What is expected
Nothing but the lines below between the line holding "I'm Alone In The Novel chapter 49 halaman 7" and the line holding "Beam (wood)", inclusive, should appear in the answer, each set down exactly.

■ ■ ■ ■ ■

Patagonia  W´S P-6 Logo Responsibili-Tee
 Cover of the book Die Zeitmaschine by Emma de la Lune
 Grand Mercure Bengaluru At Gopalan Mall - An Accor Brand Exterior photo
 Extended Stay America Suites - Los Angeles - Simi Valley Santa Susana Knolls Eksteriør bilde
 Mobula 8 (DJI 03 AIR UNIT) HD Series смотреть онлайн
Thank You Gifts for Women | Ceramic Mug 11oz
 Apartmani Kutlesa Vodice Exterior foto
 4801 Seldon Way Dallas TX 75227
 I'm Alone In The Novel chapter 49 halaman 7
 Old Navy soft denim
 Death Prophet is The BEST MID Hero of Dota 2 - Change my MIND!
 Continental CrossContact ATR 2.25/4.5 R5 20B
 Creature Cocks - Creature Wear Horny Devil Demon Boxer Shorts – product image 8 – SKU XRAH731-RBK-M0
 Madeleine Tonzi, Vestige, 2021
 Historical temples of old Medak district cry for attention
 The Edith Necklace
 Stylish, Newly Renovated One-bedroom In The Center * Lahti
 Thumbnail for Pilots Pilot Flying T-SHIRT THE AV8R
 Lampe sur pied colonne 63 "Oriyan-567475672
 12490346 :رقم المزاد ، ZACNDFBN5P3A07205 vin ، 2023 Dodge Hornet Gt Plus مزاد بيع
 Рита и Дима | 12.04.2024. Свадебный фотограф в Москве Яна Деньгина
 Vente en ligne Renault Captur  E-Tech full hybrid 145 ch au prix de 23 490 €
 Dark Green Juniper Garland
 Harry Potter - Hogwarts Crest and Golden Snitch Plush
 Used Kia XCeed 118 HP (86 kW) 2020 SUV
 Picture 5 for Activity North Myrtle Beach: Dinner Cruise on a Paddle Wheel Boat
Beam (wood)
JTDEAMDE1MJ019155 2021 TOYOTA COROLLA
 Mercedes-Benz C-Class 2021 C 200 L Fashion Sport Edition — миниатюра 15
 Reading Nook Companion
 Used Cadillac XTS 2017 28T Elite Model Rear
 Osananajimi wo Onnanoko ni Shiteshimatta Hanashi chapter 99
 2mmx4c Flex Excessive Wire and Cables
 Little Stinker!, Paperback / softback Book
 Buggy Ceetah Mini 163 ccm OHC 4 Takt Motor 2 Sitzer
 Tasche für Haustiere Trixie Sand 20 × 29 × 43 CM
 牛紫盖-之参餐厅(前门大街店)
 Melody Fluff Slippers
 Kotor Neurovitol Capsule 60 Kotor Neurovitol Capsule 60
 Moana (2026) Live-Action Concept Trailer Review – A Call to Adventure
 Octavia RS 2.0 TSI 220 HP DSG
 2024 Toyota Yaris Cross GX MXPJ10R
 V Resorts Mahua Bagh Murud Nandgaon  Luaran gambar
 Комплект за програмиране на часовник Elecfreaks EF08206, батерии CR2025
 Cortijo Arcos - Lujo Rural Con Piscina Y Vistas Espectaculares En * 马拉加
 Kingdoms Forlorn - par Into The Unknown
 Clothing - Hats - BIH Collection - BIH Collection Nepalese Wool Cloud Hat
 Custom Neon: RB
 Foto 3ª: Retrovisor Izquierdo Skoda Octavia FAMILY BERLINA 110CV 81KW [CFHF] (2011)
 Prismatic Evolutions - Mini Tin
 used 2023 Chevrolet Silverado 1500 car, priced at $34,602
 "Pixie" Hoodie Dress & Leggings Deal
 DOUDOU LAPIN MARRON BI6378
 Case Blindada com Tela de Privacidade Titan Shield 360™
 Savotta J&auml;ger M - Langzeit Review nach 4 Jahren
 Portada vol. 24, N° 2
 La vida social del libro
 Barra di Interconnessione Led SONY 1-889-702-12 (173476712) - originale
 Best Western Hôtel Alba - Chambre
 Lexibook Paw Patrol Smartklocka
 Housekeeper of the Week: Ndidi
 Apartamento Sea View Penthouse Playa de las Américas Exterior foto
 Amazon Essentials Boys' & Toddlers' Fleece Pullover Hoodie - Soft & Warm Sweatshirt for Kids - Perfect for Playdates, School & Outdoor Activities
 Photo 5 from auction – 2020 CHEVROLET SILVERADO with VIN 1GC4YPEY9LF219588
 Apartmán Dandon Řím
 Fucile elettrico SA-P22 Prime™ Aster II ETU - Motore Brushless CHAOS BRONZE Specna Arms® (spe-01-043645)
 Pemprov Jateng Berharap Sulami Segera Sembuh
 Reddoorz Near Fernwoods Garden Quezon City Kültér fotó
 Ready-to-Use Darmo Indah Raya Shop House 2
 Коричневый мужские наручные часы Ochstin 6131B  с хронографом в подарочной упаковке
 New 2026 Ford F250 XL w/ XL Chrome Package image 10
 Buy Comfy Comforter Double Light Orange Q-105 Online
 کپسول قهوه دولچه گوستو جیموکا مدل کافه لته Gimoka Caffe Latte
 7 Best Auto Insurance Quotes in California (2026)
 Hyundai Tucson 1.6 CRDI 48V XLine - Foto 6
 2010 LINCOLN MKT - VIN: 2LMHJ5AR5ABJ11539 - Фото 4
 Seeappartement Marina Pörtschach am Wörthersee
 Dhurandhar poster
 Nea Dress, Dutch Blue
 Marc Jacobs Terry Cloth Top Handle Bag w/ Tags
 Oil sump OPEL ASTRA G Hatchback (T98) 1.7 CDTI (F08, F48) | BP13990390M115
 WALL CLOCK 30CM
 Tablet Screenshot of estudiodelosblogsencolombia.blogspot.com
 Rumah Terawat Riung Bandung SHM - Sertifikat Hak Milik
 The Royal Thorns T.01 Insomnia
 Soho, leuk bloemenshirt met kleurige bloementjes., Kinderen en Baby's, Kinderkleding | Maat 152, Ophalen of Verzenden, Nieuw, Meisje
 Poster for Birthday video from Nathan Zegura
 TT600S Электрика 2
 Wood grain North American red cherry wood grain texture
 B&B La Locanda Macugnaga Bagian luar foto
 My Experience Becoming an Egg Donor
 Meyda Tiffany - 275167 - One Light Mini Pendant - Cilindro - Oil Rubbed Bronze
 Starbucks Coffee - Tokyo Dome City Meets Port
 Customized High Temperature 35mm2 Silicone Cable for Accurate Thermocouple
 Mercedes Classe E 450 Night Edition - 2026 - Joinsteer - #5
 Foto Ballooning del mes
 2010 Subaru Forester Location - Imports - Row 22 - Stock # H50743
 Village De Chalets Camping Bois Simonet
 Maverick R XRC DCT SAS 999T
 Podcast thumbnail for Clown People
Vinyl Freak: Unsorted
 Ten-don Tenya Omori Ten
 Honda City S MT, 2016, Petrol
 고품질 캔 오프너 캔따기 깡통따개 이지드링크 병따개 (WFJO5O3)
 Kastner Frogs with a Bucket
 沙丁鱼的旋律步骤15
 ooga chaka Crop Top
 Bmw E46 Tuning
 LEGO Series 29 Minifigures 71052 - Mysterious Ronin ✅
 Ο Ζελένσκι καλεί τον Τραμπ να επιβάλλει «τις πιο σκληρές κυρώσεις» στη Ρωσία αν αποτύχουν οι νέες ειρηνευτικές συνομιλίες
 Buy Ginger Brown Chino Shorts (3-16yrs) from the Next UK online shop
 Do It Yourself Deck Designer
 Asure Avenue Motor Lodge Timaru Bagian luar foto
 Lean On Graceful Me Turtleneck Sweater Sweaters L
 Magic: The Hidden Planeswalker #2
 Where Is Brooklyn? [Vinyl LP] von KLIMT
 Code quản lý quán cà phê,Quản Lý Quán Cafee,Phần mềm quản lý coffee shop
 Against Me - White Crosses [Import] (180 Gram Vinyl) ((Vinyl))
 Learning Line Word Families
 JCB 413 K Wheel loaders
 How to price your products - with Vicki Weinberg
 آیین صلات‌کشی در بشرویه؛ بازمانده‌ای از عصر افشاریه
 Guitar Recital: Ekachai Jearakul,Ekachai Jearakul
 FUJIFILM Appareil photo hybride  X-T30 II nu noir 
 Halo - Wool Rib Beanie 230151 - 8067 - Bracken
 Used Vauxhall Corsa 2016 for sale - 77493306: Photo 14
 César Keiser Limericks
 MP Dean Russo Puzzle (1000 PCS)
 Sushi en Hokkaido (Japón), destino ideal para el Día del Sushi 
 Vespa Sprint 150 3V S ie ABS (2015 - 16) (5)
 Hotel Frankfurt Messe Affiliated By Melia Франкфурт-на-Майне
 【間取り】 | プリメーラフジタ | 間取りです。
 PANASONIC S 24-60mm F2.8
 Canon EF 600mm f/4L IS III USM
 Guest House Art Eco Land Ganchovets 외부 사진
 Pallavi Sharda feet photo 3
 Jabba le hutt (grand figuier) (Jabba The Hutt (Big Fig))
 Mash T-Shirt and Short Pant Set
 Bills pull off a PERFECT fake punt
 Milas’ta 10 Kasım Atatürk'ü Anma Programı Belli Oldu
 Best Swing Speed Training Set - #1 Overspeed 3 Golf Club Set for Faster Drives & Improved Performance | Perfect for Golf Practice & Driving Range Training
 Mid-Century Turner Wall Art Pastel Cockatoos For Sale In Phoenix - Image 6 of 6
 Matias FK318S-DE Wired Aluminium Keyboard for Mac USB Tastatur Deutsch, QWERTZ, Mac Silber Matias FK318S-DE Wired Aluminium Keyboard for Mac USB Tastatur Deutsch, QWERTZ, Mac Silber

■ ■ ■ ■ ■

Exercise answer
 I'm Alone In The Novel chapter 49 halaman 7
 Old Navy soft denim
 Death Prophet is The BEST MID Hero of Dota 2 - Change my MIND!
 Continental CrossContact ATR 2.25/4.5 R5 20B
 Creature Cocks - Creature Wear Horny Devil Demon Boxer Shorts – product image 8 – SKU XRAH731-RBK-M0
 Madeleine Tonzi, Vestige, 2021
 Historical temples of old Medak district cry for attention
 The Edith Necklace
 Stylish, Newly Renovated One-bedroom In The Center * Lahti
 Thumbnail for Pilots Pilot Flying T-SHIRT THE AV8R
 Lampe sur pied colonne 63 "Oriyan-567475672
 12490346 :رقم المزاد ، ZACNDFBN5P3A07205 vin ، 2023 Dodge Hornet Gt Plus مزاد بيع
 Рита и Дима | 12.04.2024. Свадебный фотограф в Москве Яна Деньгина
 Vente en ligne Renault Captur  E-Tech full hybrid 145 ch au prix de 23 490 €
 Dark Green Juniper Garland
 Harry Potter - Hogwarts Crest and Golden Snitch Plush
 Used Kia XCeed 118 HP (86 kW) 2020 SUV
 Picture 5 for Activity North Myrtle Beach: Dinner Cruise on a Paddle Wheel Boat
Beam (wood)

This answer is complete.